■ What you need to do ■
Each line of data below is to be returned exactly, leaving out any picture.

■ Information shown ■

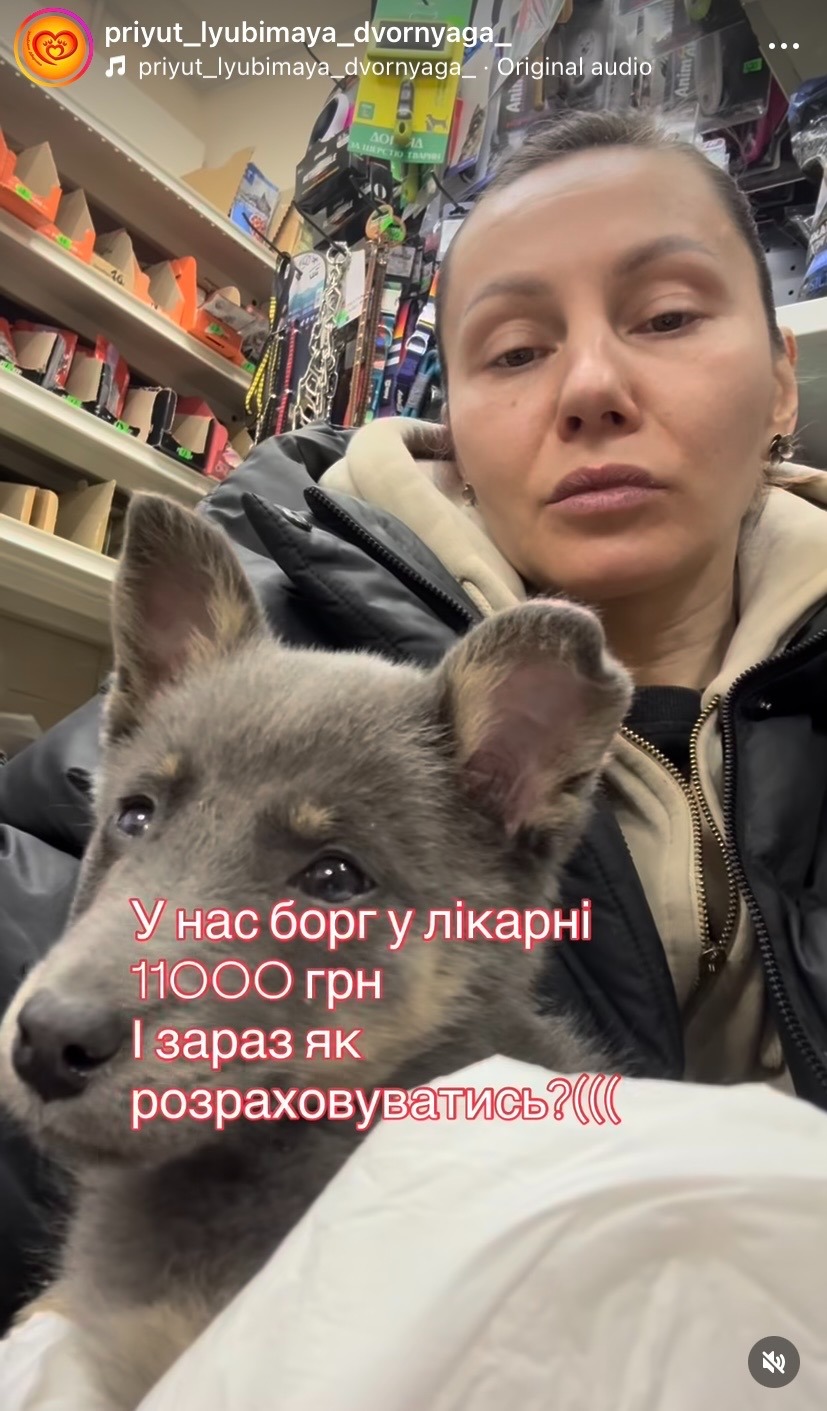 Help Feed & Protect 1,500 Animals in Dnipro region, Ukraine campaign photo, 5 of 7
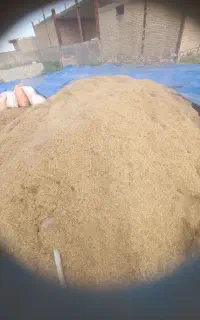 کاه درجه یک تمیز
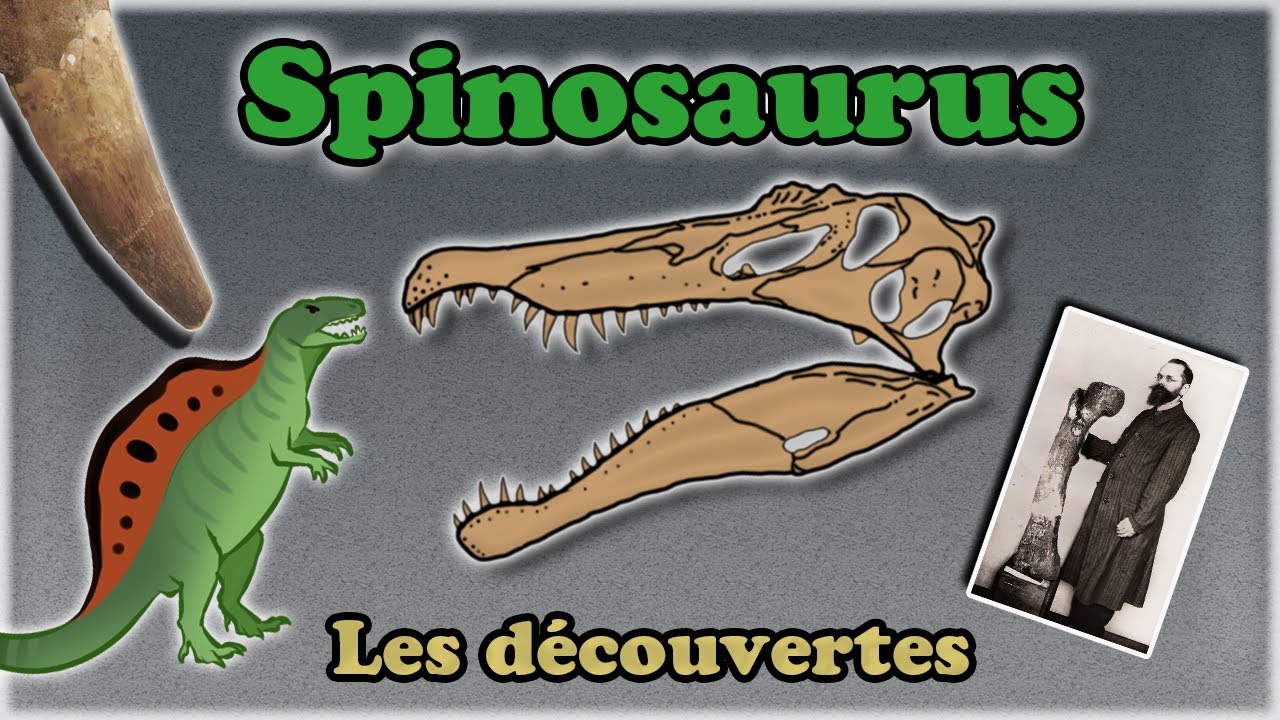 La saga du Spinosaure  - épisode 1 les découvertes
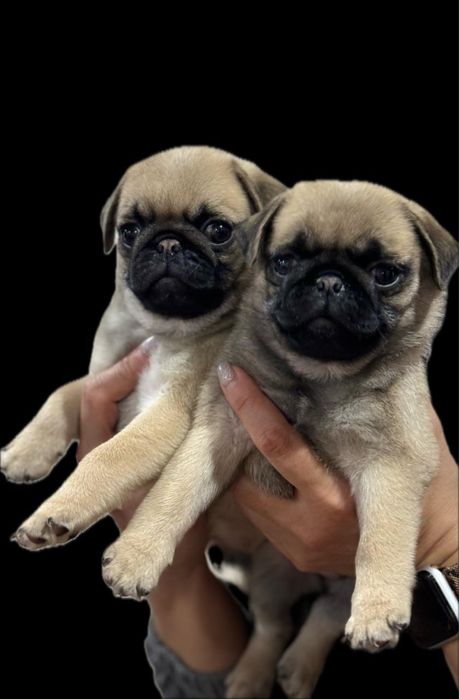 Продаю щенка мопса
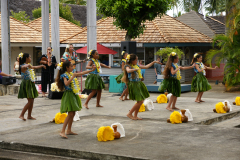 SONY DSC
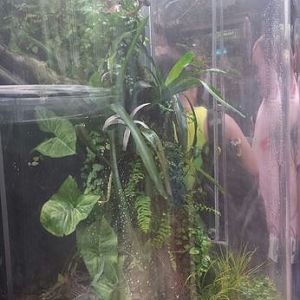 Amazon Rising - Dyeing Poison Dart Frog + South American Clown Tree Frog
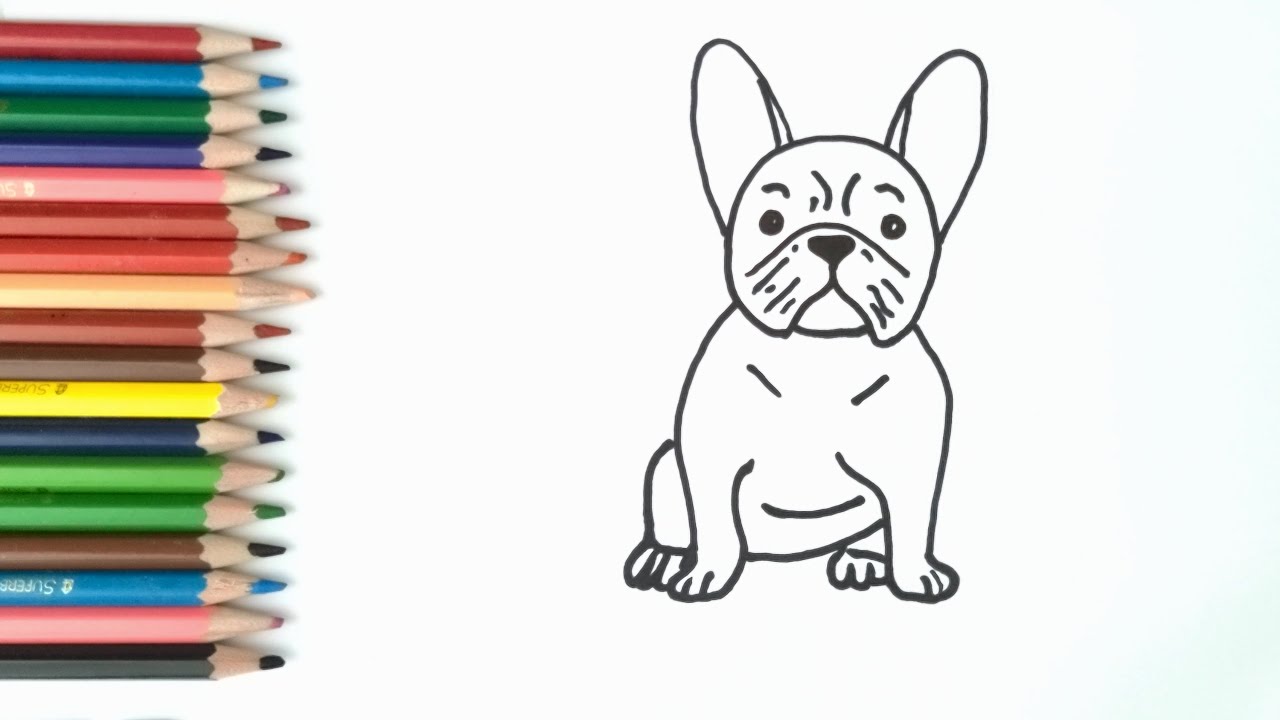 Cão dibujar un perro bulldog paso a paso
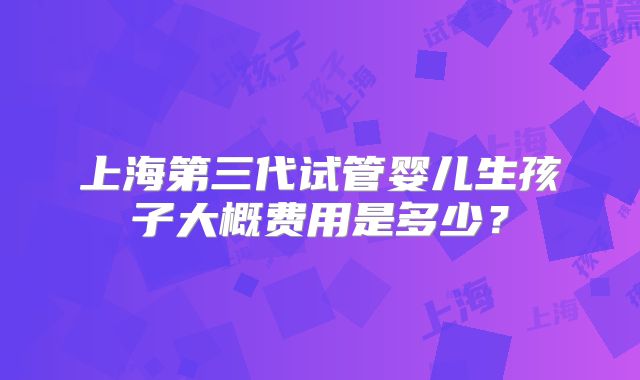 上海第三代试管婴儿生孩子大概费用是多少？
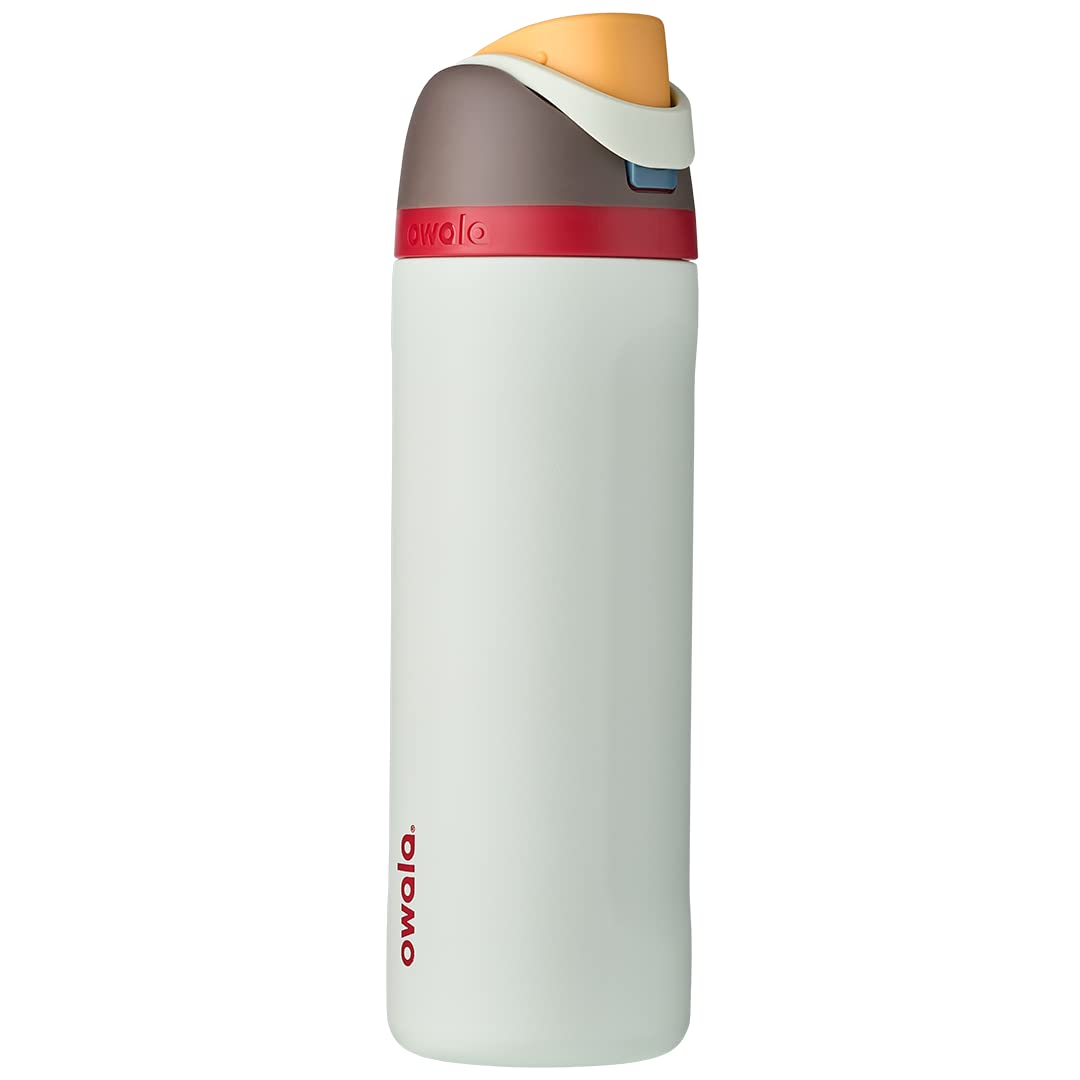 Owala FreeSip Insulated Stainless Steel Water Bottle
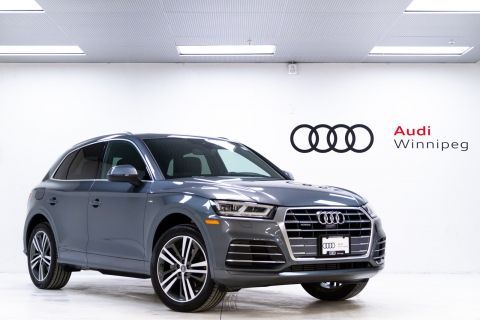 download Audi Q5 workshop manual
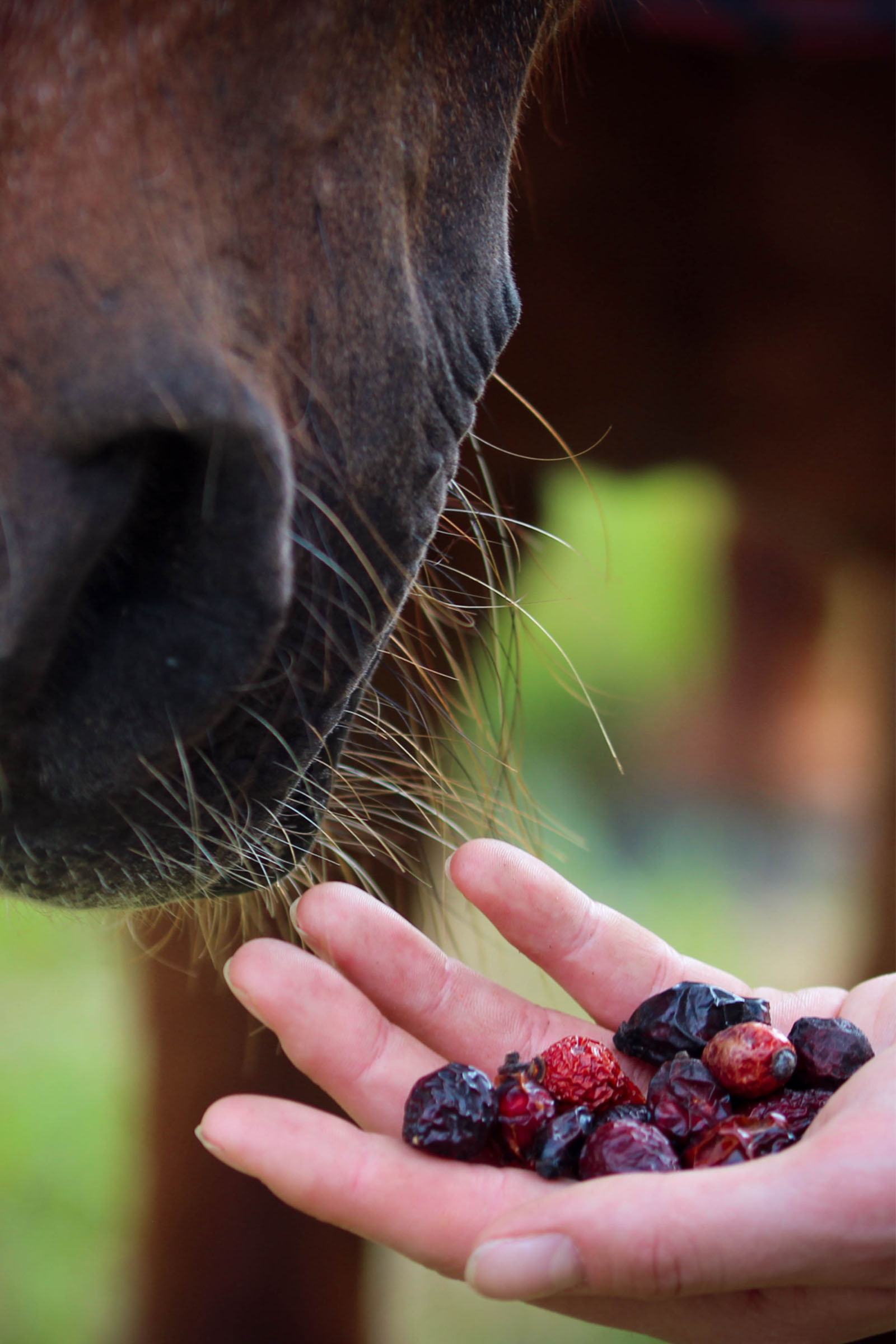 Stiefel Hagebutten ganze Fr&uuml;chte, 500g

■ Answer ■
 Help Feed & Protect 1,500 Animals in Dnipro region, Ukraine campaign photo, 5 of 7
 کاه درجه یک تمیز
 La saga du Spinosaure  - épisode 1 les découvertes
 Продаю щенка мопса
 SONY DSC
 Amazon Rising - Dyeing Poison Dart Frog + South American Clown Tree Frog
 Cão dibujar un perro bulldog paso a paso
 上海第三代试管婴儿生孩子大概费用是多少？
 Owala FreeSip Insulated Stainless Steel Water Bottle
 download Audi Q5 workshop manual
 Stiefel Hagebutten ganze Fr&uuml;chte, 500g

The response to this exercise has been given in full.